Yaşadığımız toprakların, coğrafyamızın sanatın her alanıyla buluşup kalkınmaya ve çağa sanatsal dokunuşlar yapmaya ihtiyacı var. Gençlerimizi sanatla, tasarımla, edebiyatla, musiki ile yani sanatın her alanı ile buluşturmamız gerekiyor. Çünkü sanat tüm güzelliklerin özüdür ve güzellikleri yayma adına faaliyet alanları genişletilmeli. Zira Türkiye’mizin buna çok ihtiyacı var. İmkânlarımız ölçüsünde biz ancak İstanbul’da bu faaliyetleri yürütebiliyoruz.

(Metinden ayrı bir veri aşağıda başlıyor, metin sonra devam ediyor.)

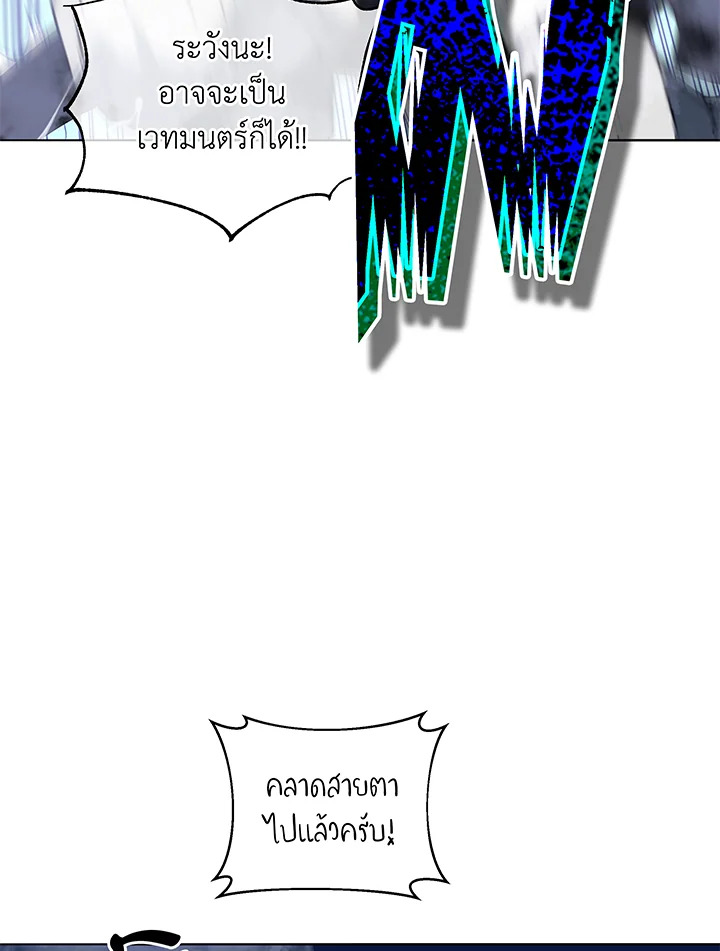 Necromancer Academy’s Genius Summoner ตอนที่ 30 page 84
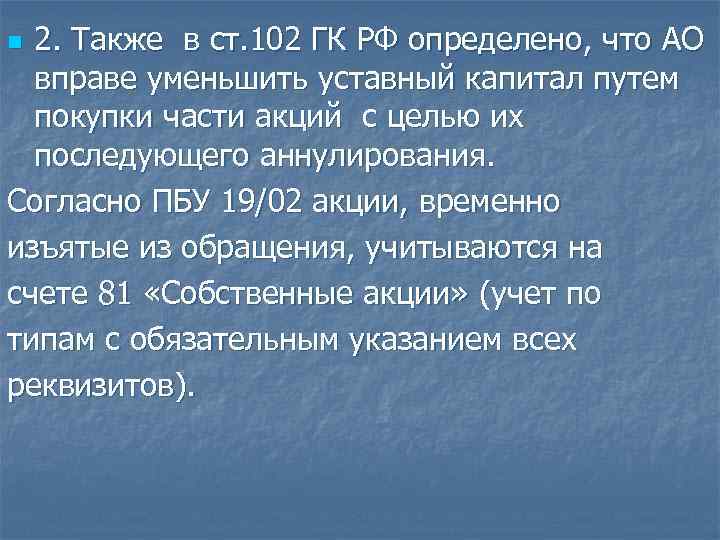 2. Также в ст. 102 ГК РФ определено, что АО вправе уменьшить уставный капитал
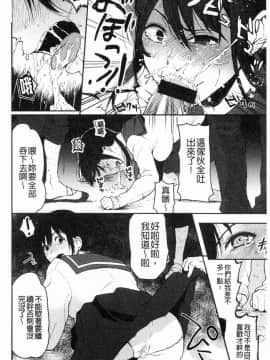 [風的工房][おそまつ] あの娘の境界線 那女孩的境界線_177
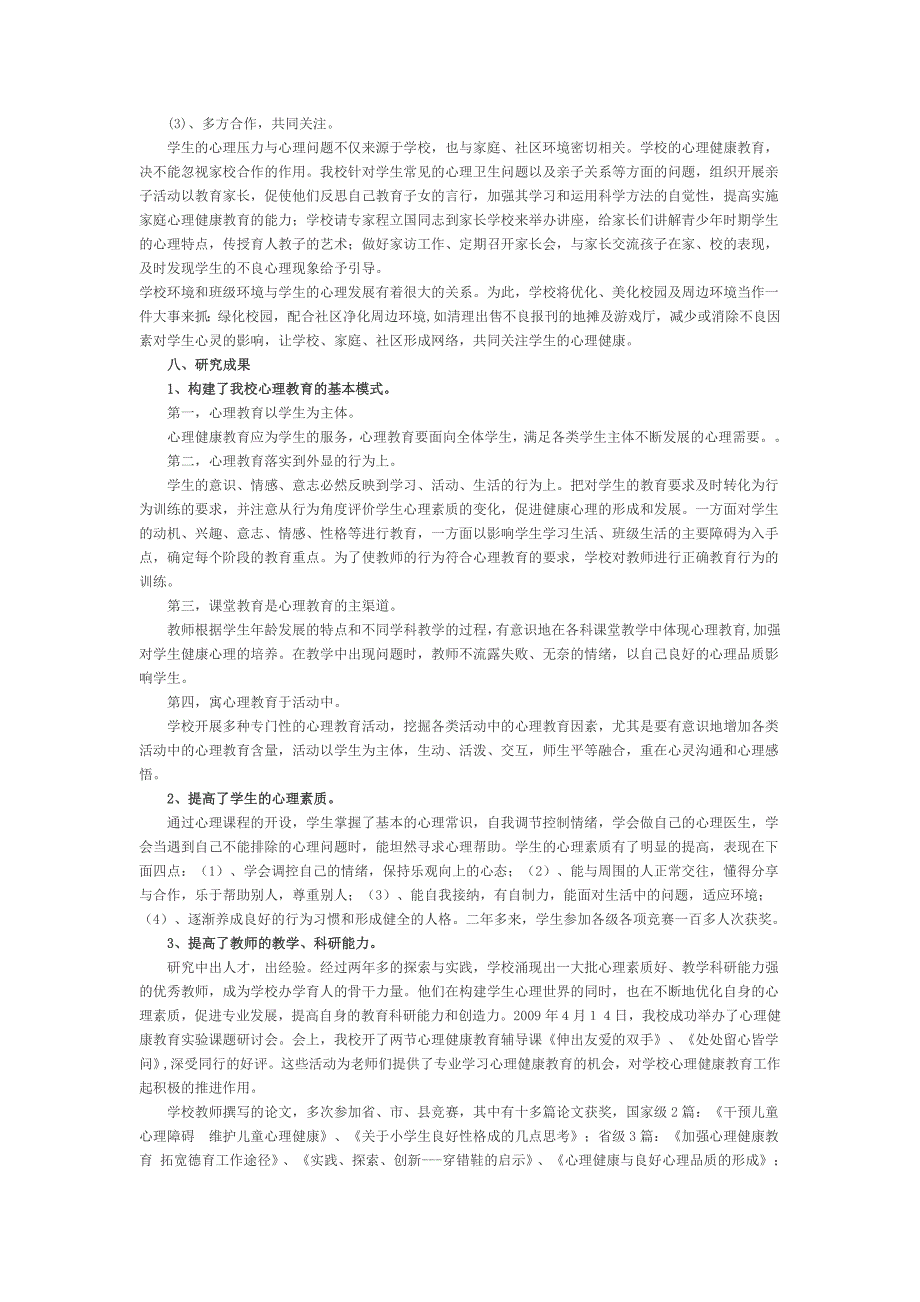 小学生心理健康教育实验与研究结题.doc_第4页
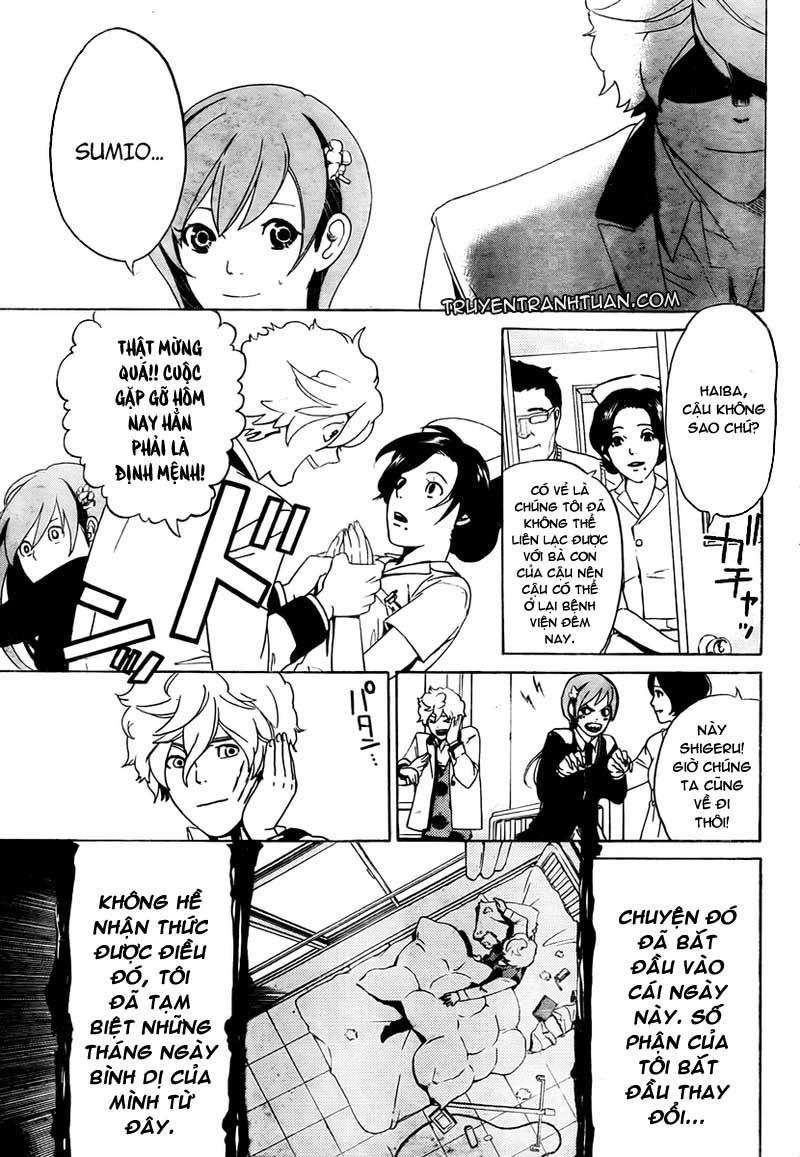 Enigma Chapter 1 - 36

Gençlerimizin sanatla buluşarak kendilerini ifade etmeleri, geleneksel anlamda da bir medrese eğitimi gibi yakinen hocalarından ders alarak belli bir geleneği de sürdürüyor anlamında görüyorum bu mekânı siz bu konuda neler düşünürsünüz?

İstanbul Tasarım Merkezi olarak çağın kabul ve kazanımlarını dikkate alarak geleneğe de bağlı kalarak selam durmaya çalışıyoruz. Bir yandan çağın kabulleri içindeyiz ama diğer yandan geleneksel usullere sırtımızı dayamaya çalışıyoruz. Bu noktada en önem verdiğimiz şey, talebe ile usta arasında güçlü bir bağ kurmak. Sadece ders zamanlarında sınırlı kalmayan aynı zamanda dert zamanlarında da birlikteliği gözeten uzun soluklu yolculuğu ifade edecek ilişkiler geliştirmek istiyoruz. Bir hedef olarak bunu yedeğimizde taşımakla beraber hocalarımızın yoğurt yiyişine de müdahale etmiyoruz.

Son olarak, kendi değerlerine ve maneviyatına bağlı, sanatın insanı mutlak güzelliklerle buluşturarak yücelten değerlere yaklaştıran, ruh inceliği ve insanı kendi iç yolculuğuna taşıyarak tekâmül sağlamasıyla oluşturduğu tüm eğitsel çabaları gençler için anlamlı buluyor musunuz, özellikle günümüz gençliği için böyle ortamlar gerekli midir?

Sanatta asıl amaç insana anlamlı ve derin iç yolculuklar yaptırabilmektir. İnsanın kendine dönerek içinde devşirdiği tüm güzellikleri dışarıya yansıtmasıdır sanat bir bakıma... İnsanın varolma mücadelesine sanatla keşfettiği tüm güzelliklerle katılmak gibi bir şeydir bu. Yani teknik olarak bir şeyi öğrenmek ya da daha güzel yapmak değil, kendini daha güzele evirmektir. Bu yüzden sanatı, sanatın ustası olan, sanatı icra eden sanatçıyı, sanatla uğraşan talebeyi ve sanatla ilgili mekânları önemsiyoruz. Bizler isteriz ki, toplumda her ferde tek tek sanatın güzelliklere, erdeme, soylu duruşlara taşıyan dokunuşu olsun ve sanatsal tüm çalışmaların çoğalmasını ümit ediyoruz

Söyleşi için, anlamlı ve güzel dilek ve temennileriniz için, böylesine güzel bir mekâna kattığınız her şey için tekrar teşekkürlerimizi sunuyoruz efendim hayırlı bereketli çalışmalar diliyoruz.